How do we know this? Well, let us recap. The Government want to level up, but we have the lowest investment in the G7. The Prime Minister wants debt to go down, but debt as a share of GDP will be up next year. The Chancellor wants to help with living costs, but we have the worst real living standards since records began. The Health Secretary wants to fix the NHS workforce, but the Prime Minister will not scrap non-dom status to fund it.
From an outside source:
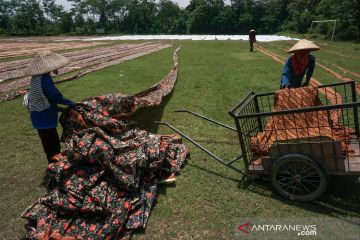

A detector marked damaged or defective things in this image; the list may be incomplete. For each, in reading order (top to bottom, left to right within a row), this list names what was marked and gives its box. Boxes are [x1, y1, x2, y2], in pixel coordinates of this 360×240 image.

rusty metal cart frame [156, 81, 360, 202]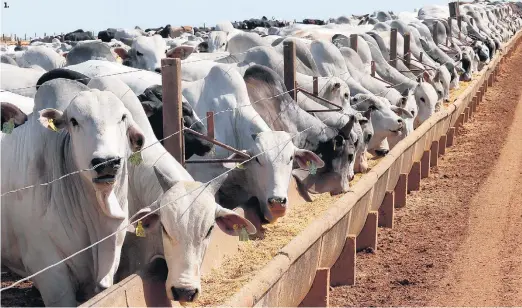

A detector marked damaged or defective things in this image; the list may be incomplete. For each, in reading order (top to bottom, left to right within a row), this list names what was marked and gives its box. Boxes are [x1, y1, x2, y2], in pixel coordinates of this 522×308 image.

rusty metal post [161, 57, 184, 166]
The Work and Pensions Secretary wants to get over-50s back to work, but the Chancellor has just given a huge tax break to the richest, which means that they may well retire earlier than ever. It is preposterous. You could not make it up.
We have had 13 years of this grotesque contradiction between words and action, this lack of vision, this fundamental mismanagement. The Government have no idea, no clue, and no plan for economic growth. They have crashed our economy, they have undermined our standing in the world, and they have decimated our public services. We are seeing sticking-plaster politics time and again, rather than the long-term solutions that our country needs. Because they are unable or unwilling to unleash the ambition of the British people to realise the fastest growth in the G7, we languish at the bottom of the pile.
The Chancellor said yesterday that this Budget showed that his plan was working, but the reality is that this tired, out-of-touch, failing Government have no credible plan at all. It is time for a change. It is time for a Labour Government. For me, the next general election cannot come soon enough, and given this half-hearted attempt at a Budget for growth, it cannot come soon enough for the Conservative party either.